The road to hell is paved with best practises presented at BSidesLondon 2010

by Frank Breedijk,

Summary : Presentation Abstract:
This talk will try to address the "unaskable" question "will best practices make use more secure?" in a light and entertaining manner.
Will a strong password policy result in stronger passwords? When are there too many admins on the system?
In good cop/bad cop style Frank Breedijk and Ian Southam will address this topic from the firm believe that IT Security should actually make IT more secure.
Presentation Outline:
Together they have been in the IT profession for over 35 years. Ian primarily as a system administrator, Frank first as a programmer later as IT security something. Together they strongly believe that IT Security should have one purpose, to actually make computing and processing information more secure.

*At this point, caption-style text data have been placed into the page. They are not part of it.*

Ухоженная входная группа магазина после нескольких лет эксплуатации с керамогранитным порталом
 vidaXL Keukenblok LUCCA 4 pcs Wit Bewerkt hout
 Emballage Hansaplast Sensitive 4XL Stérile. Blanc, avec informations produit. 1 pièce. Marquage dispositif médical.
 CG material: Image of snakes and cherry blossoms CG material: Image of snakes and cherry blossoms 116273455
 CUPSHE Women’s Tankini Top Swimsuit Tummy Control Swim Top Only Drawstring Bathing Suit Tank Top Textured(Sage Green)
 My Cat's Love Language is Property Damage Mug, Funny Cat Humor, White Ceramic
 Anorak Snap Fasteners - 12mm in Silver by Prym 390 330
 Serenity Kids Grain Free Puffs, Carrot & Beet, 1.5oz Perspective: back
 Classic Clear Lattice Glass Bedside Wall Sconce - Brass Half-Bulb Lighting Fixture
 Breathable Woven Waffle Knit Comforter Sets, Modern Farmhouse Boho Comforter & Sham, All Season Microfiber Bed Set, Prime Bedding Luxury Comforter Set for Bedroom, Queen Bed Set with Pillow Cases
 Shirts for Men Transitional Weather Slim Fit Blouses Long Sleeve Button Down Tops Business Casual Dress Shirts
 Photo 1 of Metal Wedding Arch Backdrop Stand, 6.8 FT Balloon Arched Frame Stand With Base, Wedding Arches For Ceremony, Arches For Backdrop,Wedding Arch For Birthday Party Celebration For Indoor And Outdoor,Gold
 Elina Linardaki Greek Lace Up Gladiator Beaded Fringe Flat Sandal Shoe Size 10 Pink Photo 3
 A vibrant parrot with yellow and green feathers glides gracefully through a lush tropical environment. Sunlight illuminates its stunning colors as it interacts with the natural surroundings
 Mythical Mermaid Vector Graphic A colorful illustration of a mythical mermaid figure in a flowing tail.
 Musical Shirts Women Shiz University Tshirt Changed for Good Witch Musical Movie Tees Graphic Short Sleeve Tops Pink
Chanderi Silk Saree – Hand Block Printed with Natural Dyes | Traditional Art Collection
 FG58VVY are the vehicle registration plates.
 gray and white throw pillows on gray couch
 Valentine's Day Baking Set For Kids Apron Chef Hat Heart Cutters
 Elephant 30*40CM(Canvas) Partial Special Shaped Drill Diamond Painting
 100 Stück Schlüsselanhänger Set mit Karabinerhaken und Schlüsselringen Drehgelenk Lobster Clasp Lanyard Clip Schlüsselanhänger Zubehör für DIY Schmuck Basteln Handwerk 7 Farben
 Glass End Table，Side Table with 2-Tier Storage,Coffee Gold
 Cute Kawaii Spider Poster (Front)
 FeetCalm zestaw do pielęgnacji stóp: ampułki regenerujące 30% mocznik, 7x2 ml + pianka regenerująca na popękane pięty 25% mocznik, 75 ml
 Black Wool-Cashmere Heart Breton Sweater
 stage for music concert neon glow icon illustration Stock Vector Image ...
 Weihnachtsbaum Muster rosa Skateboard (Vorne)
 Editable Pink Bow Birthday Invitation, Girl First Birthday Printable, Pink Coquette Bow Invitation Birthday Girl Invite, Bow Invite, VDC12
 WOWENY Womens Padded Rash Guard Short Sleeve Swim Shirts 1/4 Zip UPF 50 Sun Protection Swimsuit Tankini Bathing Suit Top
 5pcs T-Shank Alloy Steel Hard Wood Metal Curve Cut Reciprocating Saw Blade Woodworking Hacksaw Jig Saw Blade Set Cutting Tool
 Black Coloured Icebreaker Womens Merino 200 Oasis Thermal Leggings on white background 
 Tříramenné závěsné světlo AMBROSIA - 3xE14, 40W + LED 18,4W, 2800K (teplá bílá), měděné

As obvious as that statement seems, security measures often do not achieve this goal but sometimes hurt it. E.g. enforcing "very strong" password policies will often result in people not being able to remember their passwords and writing them down, or reverting to passwords like Password01, Password02, etc.
In a light, good cop/bad cop style presentation Ian and Frank plan to address this and other less obvious examples of so called "best practices" that actually hurt security.
What do you hope attendees will gain from the presentation?
Besides the fact that we plan to give a very entertaining presentation, we also hope to trigger some self reflection in the IT security community.
We hope to help break the inertia of certain long lived best practices that, e.g. force us to change our password every month because it takes two months to crack such a password with a PDP-11.
The presentation will also provide some handles for people who share our believes to broach the subject to others.